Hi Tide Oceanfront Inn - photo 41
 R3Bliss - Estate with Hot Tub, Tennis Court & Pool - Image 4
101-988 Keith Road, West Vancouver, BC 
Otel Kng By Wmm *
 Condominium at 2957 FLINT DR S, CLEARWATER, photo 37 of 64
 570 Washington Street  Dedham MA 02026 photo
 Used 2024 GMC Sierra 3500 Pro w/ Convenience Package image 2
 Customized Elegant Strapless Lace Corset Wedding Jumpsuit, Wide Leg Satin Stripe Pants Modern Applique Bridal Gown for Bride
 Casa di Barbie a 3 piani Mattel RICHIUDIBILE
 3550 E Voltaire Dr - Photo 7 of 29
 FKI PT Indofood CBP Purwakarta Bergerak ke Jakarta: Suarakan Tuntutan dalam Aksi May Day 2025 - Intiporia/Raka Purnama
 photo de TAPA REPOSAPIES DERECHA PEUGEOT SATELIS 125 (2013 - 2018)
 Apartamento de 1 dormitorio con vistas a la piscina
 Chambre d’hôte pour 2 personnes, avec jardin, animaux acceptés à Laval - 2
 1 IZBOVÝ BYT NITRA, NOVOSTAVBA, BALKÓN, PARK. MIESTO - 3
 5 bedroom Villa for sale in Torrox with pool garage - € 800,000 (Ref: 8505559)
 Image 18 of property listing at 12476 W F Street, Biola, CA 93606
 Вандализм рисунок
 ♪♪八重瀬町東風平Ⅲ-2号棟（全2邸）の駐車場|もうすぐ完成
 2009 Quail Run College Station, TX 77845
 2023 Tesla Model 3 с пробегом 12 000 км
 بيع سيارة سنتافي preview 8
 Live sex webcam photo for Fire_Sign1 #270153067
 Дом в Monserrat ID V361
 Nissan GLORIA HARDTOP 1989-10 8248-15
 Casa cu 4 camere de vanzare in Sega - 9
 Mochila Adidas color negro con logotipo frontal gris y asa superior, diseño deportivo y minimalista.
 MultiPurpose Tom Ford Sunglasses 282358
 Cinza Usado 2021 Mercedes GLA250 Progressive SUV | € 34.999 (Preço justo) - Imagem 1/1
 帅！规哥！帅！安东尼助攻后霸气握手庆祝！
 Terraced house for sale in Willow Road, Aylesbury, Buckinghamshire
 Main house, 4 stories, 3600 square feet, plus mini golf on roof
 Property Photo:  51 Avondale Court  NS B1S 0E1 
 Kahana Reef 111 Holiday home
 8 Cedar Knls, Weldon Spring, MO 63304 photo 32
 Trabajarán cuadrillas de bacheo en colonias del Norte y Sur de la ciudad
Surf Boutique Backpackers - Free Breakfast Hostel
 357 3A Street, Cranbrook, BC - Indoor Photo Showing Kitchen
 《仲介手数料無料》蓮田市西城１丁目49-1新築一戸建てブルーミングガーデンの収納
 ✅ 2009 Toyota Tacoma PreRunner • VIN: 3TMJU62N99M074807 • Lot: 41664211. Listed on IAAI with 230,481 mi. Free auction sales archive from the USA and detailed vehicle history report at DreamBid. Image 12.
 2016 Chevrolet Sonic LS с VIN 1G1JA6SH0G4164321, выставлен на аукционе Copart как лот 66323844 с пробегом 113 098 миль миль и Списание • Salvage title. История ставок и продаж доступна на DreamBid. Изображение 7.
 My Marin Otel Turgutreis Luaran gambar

- Task statement
From the line containing "8 Cedar Knls, Weldon" through the last line of the entries above, print every line exactly, including both ends, and nothing else.

- Response
 8 Cedar Knls, Weldon Spring, MO 63304 photo 32
 Trabajarán cuadrillas de bacheo en colonias del Norte y Sur de la ciudad
Surf Boutique Backpackers - Free Breakfast Hostel
 357 3A Street, Cranbrook, BC - Indoor Photo Showing Kitchen
 《仲介手数料無料》蓮田市西城１丁目49-1新築一戸建てブルーミングガーデンの収納
 ✅ 2009 Toyota Tacoma PreRunner • VIN: 3TMJU62N99M074807 • Lot: 41664211. Listed on IAAI with 230,481 mi. Free auction sales archive from the USA and detailed vehicle history report at DreamBid. Image 12.
 2016 Chevrolet Sonic LS с VIN 1G1JA6SH0G4164321, выставлен на аукционе Copart как лот 66323844 с пробегом 113 098 миль миль и Списание • Salvage title. История ставок и продаж доступна на DreamBid. Изображение 7.
 My Marin Otel Turgutreis Luaran gambar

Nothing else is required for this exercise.